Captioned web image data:
■ ■ ■ ■ ■ ■ ■

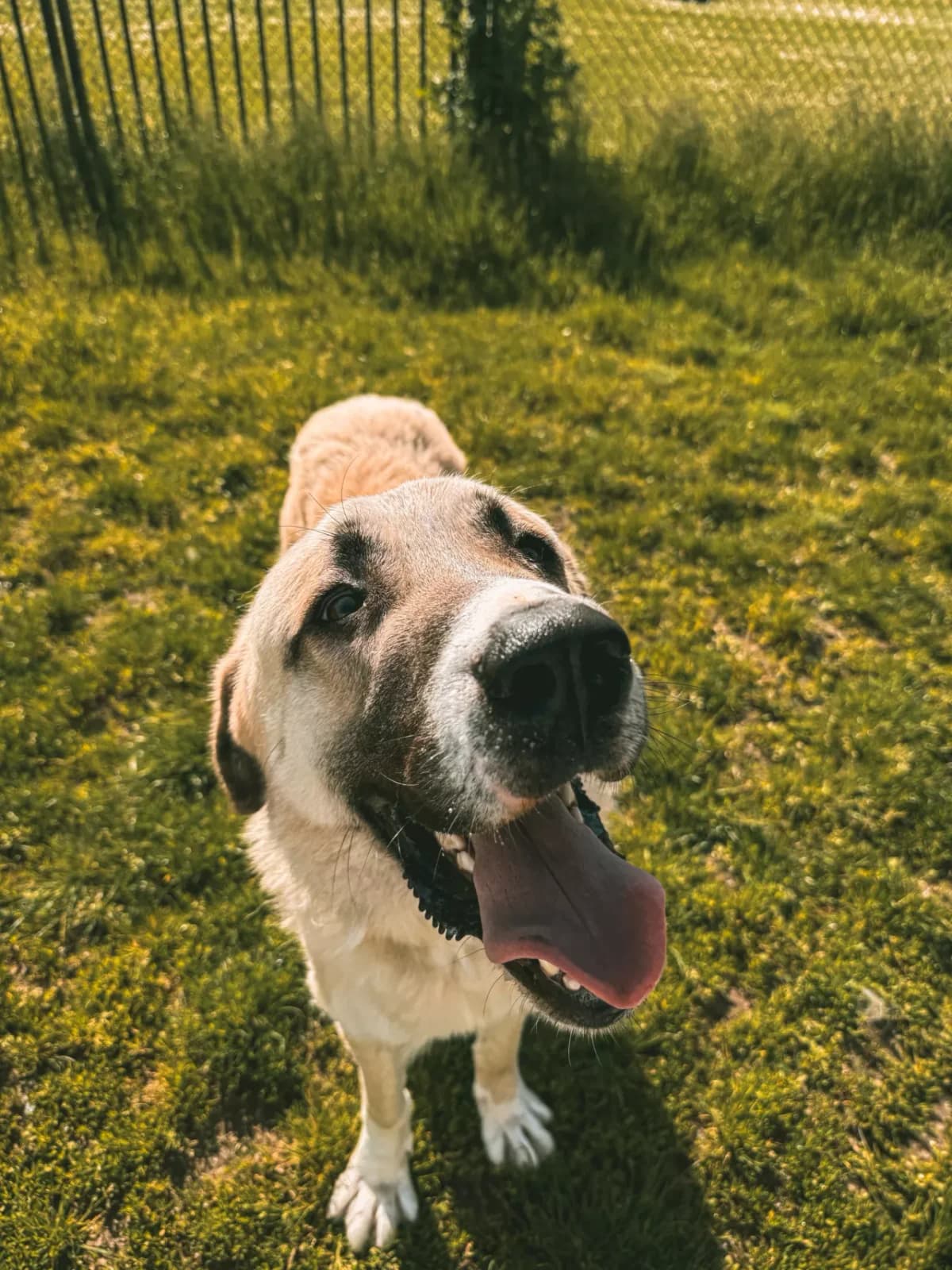 Bozok, male young mixed breed for adoption at Dierenasiel Gent, Gent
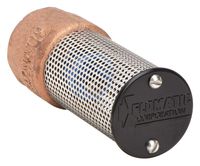Spring Foot Valve, Lead Free Bronze, 1 In.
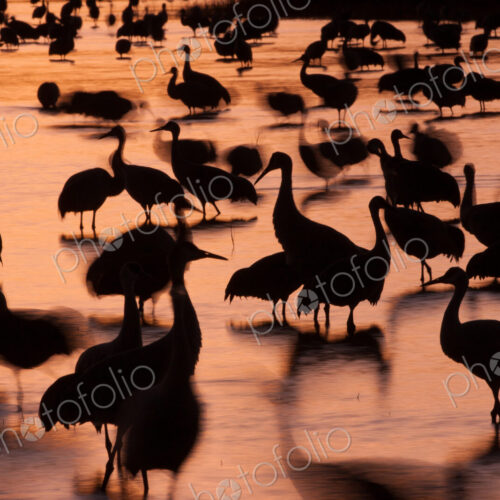 Sandhill cranes, Grus canadensis, Bosque del Apache National Wildlife Refuge, New… Sandhill cranes, Grus canadensis, Bosque del Apache National Wildlife Refuge, New…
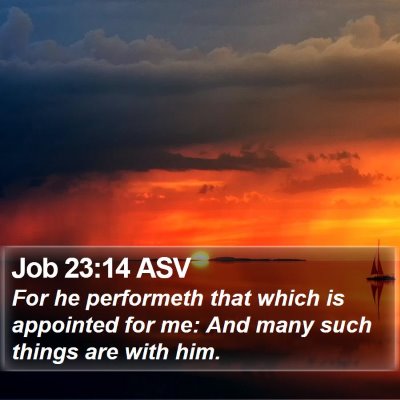Job 23:14 ASV Bible Verse Image
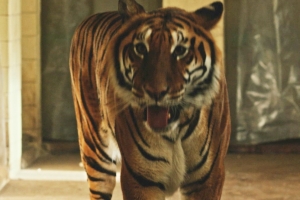 어른들을 위한 잔혹동화…‘호랑이는 겁이 없지’ 예고편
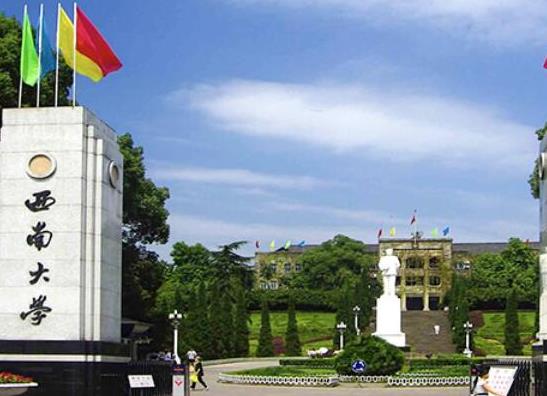 重慶綜合實力最強的十大高校,重慶大學(xué)、西南大學(xué)綜合實力較強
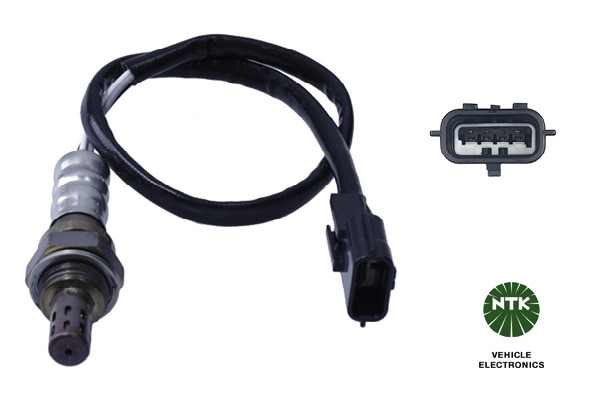 Oxygen Sensor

■ ■ ■ ■ ■ ■ ■

◆ **Task item**
Reproduce the data above exactly, but only from the line containing "Refuge, New… Sandhill" through the line containing "어른들을 위한 잔혹동화…‘호랑이는 겁이 없지’ 예고편"; skip the pictures.

◆ **Written answer**
 Sandhill cranes, Grus canadensis, Bosque del Apache National Wildlife Refuge, New… Sandhill cranes, Grus canadensis, Bosque del Apache National Wildlife Refuge, New…
Job 23:14 ASV Bible Verse Image
 어른들을 위한 잔혹동화…‘호랑이는 겁이 없지’ 예고편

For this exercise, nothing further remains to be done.